Seabed monitoring for biodiversity management

Global marine biodiversity is continually threatened by oceanographic changes linked to both global warming and anthropogenic activities that degrade the ambient environment of marine organisms. Australia’s ocean biodiversity is admired around the world, and new initiatives are being undertaken to help conserve marine ecosystems for decades to come, both locally and globally.

This fuels a global initiative, the Ocean Decade, which aims to transform our planet’s seascape for the better by 2030, including eliminating ocean pollution, mapping ecosystems, targeting marine hypoxia (oxygen-depleted concentrations), sustainably harvesting food to support society and protecting. communities from ocean hazards (such as tsunamis).

Extending up to 200 nautical miles (~370 km) from Australia’s entire coastline, the exclusive economic zone encircles the continent, almost half of which contains protected areas known as Australian Marine Parks. These parks have recently become the focus of increased monitoring to identify key pressures facing the organisms that inhabit them, thereby encouraging the implementation of new stewardship strategies.

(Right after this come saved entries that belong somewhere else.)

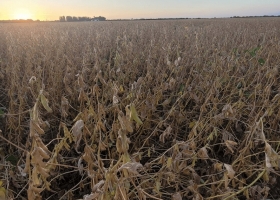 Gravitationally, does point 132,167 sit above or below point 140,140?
above

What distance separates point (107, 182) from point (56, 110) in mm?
1629

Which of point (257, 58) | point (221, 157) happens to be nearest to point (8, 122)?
point (221, 157)

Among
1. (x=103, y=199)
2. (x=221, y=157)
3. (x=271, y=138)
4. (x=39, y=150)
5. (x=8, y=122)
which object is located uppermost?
(x=39, y=150)

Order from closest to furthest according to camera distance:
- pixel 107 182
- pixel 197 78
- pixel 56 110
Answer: pixel 107 182
pixel 56 110
pixel 197 78

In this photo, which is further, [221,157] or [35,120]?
[221,157]

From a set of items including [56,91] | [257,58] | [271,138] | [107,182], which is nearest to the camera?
[107,182]

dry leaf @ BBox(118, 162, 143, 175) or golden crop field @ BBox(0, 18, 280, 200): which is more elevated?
dry leaf @ BBox(118, 162, 143, 175)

New research published in Frontiers of Marine Science has turned to seafloor mapping to generate habitat maps that can be monitored for decades to identify significant changes that could pose dangers to local wildlife.

The AusSeabed program is a national initiative launched in 2018 that compiles bathymetric data (the underwater equivalent of topography, studying the depths of the ocean floor) to produce geomorphometric maps that can be used to predict scale and location of particular biological assemblages, as well as their differences over time.

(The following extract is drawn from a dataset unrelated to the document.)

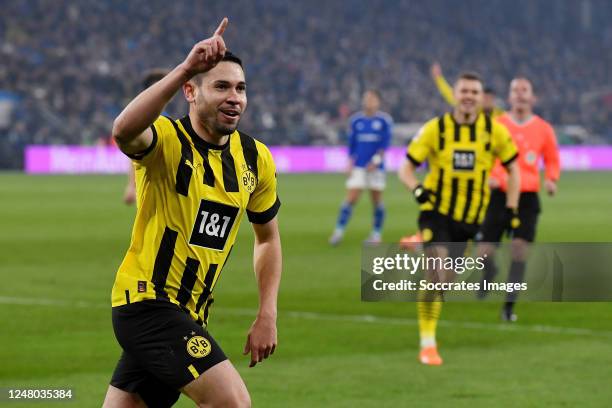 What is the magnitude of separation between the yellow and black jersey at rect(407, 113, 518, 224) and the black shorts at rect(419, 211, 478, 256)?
1.9 inches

With previous research suggesting that topographic features of the ocean can impact the thermal and nutrient mixing of the ocean up to 1 km away, this is particularly useful in the case of deep-sea benthic communities that might otherwise be difficult to monitor in relatively inhospitable environments. .

Dr Vanessa Lucieer, associate professor at the University of Tasmania, and colleagues have produced geomorphometric maps for 37 of Australia’s 61 marine parks, a quantitative approach to assessing the landforms making up the seafloor. Bathymetric data covered approximately 58% of the area of ​​the marine parks, reaching up to approximately 86% on some of the continental slopes where a greater concentration of exploration had already taken place.

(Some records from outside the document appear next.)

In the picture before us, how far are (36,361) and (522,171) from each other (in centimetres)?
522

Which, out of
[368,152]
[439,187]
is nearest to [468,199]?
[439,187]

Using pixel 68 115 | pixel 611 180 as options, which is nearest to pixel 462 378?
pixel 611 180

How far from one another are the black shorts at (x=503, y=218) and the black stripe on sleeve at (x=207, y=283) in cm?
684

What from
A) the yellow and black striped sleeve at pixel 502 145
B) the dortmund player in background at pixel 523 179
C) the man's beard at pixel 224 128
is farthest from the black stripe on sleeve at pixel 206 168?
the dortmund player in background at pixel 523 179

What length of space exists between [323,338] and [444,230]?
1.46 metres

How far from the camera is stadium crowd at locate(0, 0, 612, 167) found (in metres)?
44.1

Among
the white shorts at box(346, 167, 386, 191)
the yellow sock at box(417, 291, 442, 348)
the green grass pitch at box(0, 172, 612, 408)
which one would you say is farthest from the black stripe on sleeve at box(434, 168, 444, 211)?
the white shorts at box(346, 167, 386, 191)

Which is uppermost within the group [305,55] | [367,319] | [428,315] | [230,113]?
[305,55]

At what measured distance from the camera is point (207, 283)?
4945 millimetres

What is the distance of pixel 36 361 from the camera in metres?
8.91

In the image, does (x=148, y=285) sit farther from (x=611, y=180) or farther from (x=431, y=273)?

The geomorphometric characteristics of the maps were divided into 10 classes: summit, ridge (elongated highest point), trough (elongated, wide, flat-bottomed channel), plane (flat surface), hole, valley, slope, apron (a gentle slope at the base of a high climax), the escarpment (steep slope between shallow slopes), and the saddle (broad dip within a high climax).

In marine parks, plane was the most common bathymetric feature (~58%), followed by slope at ~18%, with apron, saddle and valley accounting for up to 8% of the mapped area. For the southwest and southeast marine parks, the flat seafloor was up to approximately 33% less prevalent compared to all other areas, instead experiencing an increase in ridges, troughs, and valleys.

Additionally, there was a pronounced difference in bathymetric characteristics by depth zone, with the research team selecting two key foci in the mesophotic zone (~30 m to 70 m) and the upper slope (200 m at 700 m). Only 24 of the 37 marine parks have bathymetric data in the mesophotic zone, of which 16 were predominantly planar with small sections of slope and apron, while the other eight had ups and downs with ridges, peaks, holes and valleys interspersed. Conversely, the deeper slope upper zone had a much more varied profile across all the different bathymetric features.

Understanding the different bathymetric profiles of the ocean allows targeted management strategies for each unique marine park, while identifying those with similar characteristics allows effective measures and resources to be shared between them.

The mesophotic zone, as well as the rariphotic zone (70 to 150 m deep), constitute key habitats for fish and are therefore subject to pressure from industrial fishing practices. Determining fish habitat preferences in these areas therefore means that policymakers can target conservation efforts in appropriate areas to protect both the natural world and sustainable food supplies.

Similarly, ridges are known to be points of great biodiversity, so identifying their location around Australia, which is already under threat from increased marine degradation, is a key factor in targeting habitat and organism conservation efforts who live there.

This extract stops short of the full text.